Richard Lamar Pope Jr. (born August 18, 1962) is an American attorney and perennial candidate from Bellevue, Washington.

==Early life and education==

Pope was raised in New Orleans, Louisiana and received a BA in economics from Excelsior University before graduating with a JD summa cum laude from the University of Washington School of Law. While still a law student, he sued the University of Washington for withholding social security taxes from student employees ineligible for retirement programs. Though he scored an initial court victory against the university, it was ultimately reversed on appeal by the Washington Supreme Court.

Pope served seven years in the U.S. Army Reserve.

==Career==

===Law practice===

After law school, Pope began to practice law in Washington, earning a reputation as a combative attorney.
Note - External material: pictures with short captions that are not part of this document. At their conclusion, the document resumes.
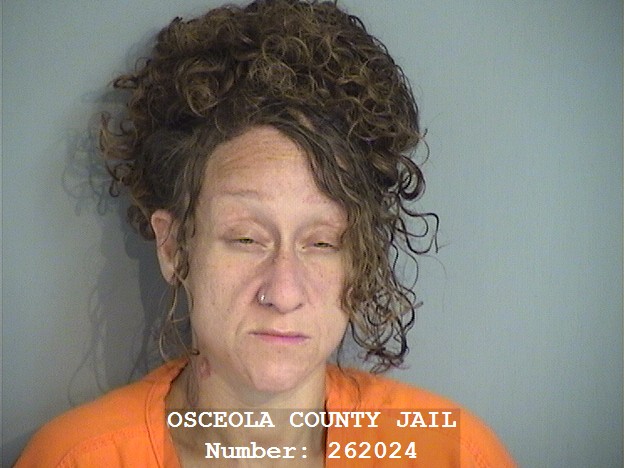 Booking photo - LAURA RAMIREZ - Osceola, Florida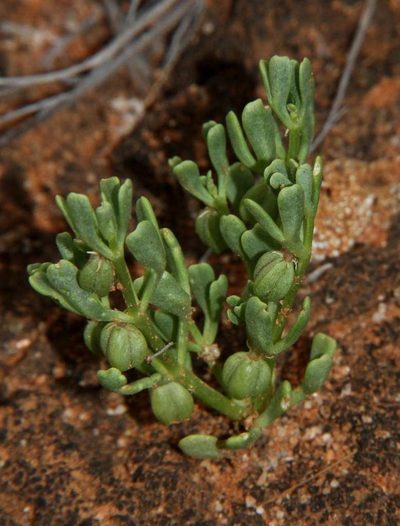 Roepera ovata, photographed by Russell Best
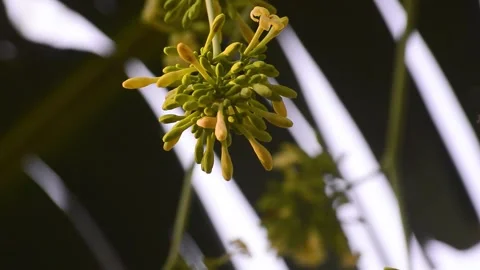 Close up of papaya flowers on the tree 库存影片 292282701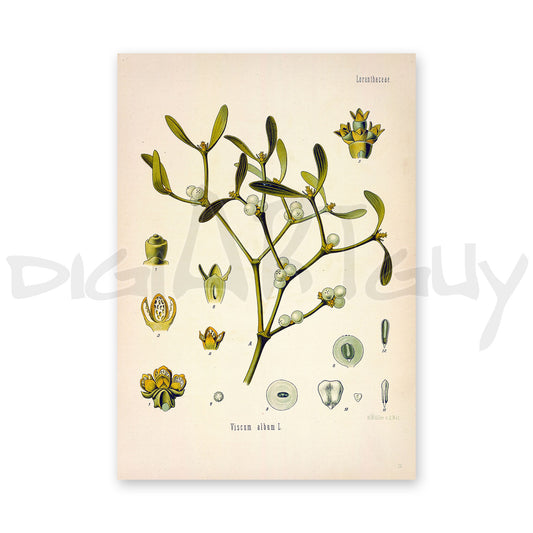 Mistletoe from Köhler’s Medicinal Plants / Viscum album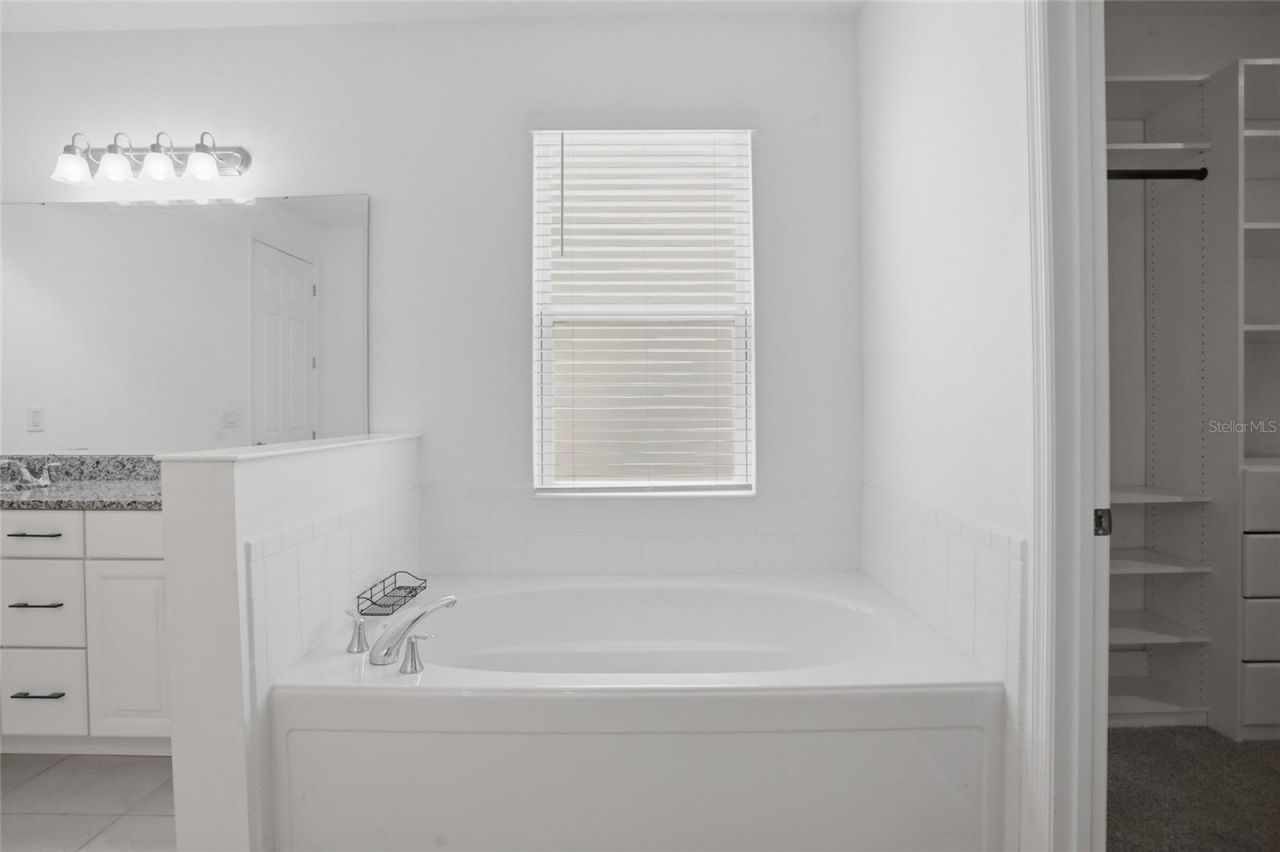 4897 Gilded Jewel Drive, Mount Dora, FL 32757 Photo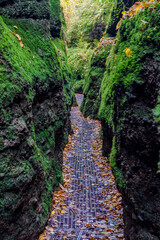 Herbstspaziergang rund um die Wartburgstadt Eisenach am Rande des Thüringer Waldes - Thüringen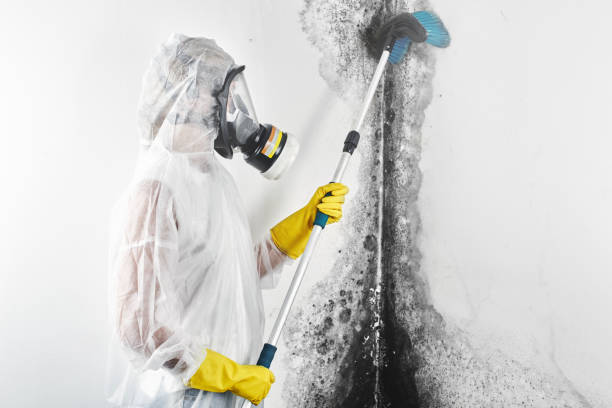 Best Mold Remediation for Rental Properties  in Wise, VA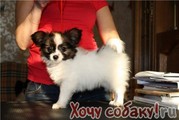 ПАПИЛЬОНА (ПАПИЙОНА)  ЩЕНКИ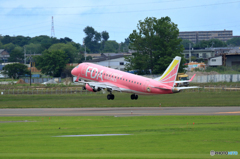札幌　丘珠空港　ＦＤＡ３号機（ピンク）　帰ります！！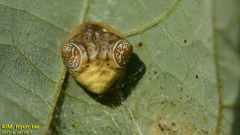 Cyrtarachne inaequalis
He has been cautioned by the Washington State Bar Association and fined by the state Court of Appeals. In 2006 he was removed from a case after informing the presiding judge that his mental health was "terrible" and that he suffered from "serious depression". Pope's law license was ultimately reinstated but he was reprimanded by the Washington State Bar Association in 2012 for misconduct in an unrelated matter. Pope is currently licensed to practice law in Washington but does not carry malpractice insurance.

===Political campaigns===
Pope has been elected and served as a Republican precinct committee officer, but has failed in at least a dozen attempts at higher office, running as both a Republican and a Democrat.
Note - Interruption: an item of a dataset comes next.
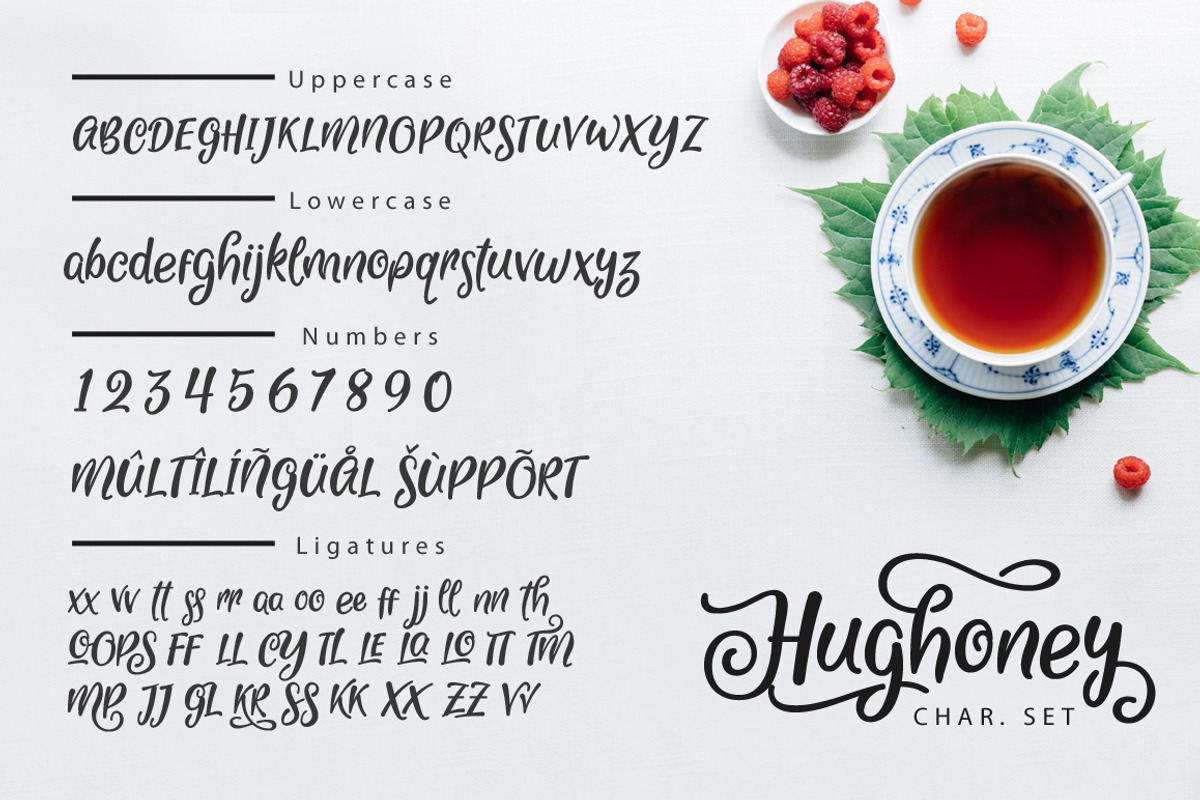 Hughoney Script preview 4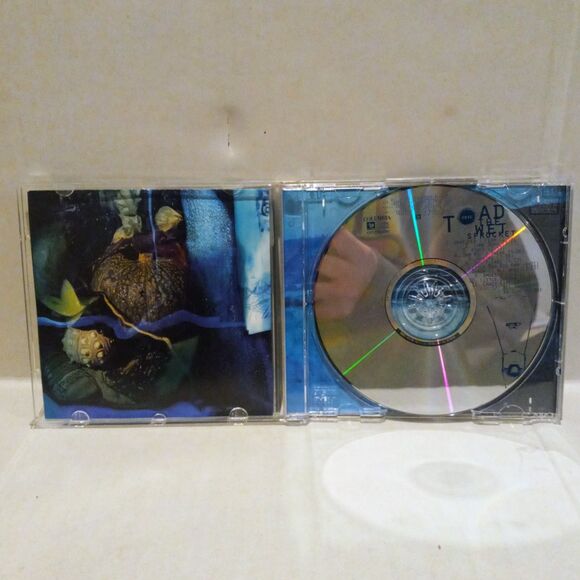 Toad The Wet Sprocket CD Lot Of 2-Dulcinea (CD, 1994)-Coil (CD, 1997)-Columbia - Picture 7 of 8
Despite his record of electoral failure, Pope has been called by HorsesAss "several steps above the crank perennial candidates" and "the most cost-efficient candidate this state has ever seen," regularly coming in second place in his races and scoring double-digit percentages of the vote. In his 2007 run against incumbent King County Council member Jane Hague, Pope received 41 percent of the vote, despite spending less than $35,000 on his campaign, compared to Hague's $433,000. His 2000 run against incumbent Attorney-General Christine Gregoire netted 636,738 votes, 38 percent of the total. Among other offices he's sought are those of Shoreline city councilor, Shoreline Water District commissioner, Port of Seattle commissioner, King County assessor, and King County prosecutor. Pope's best showing was in a non-partisan district court judge race in which he earned 44 percent of the vote.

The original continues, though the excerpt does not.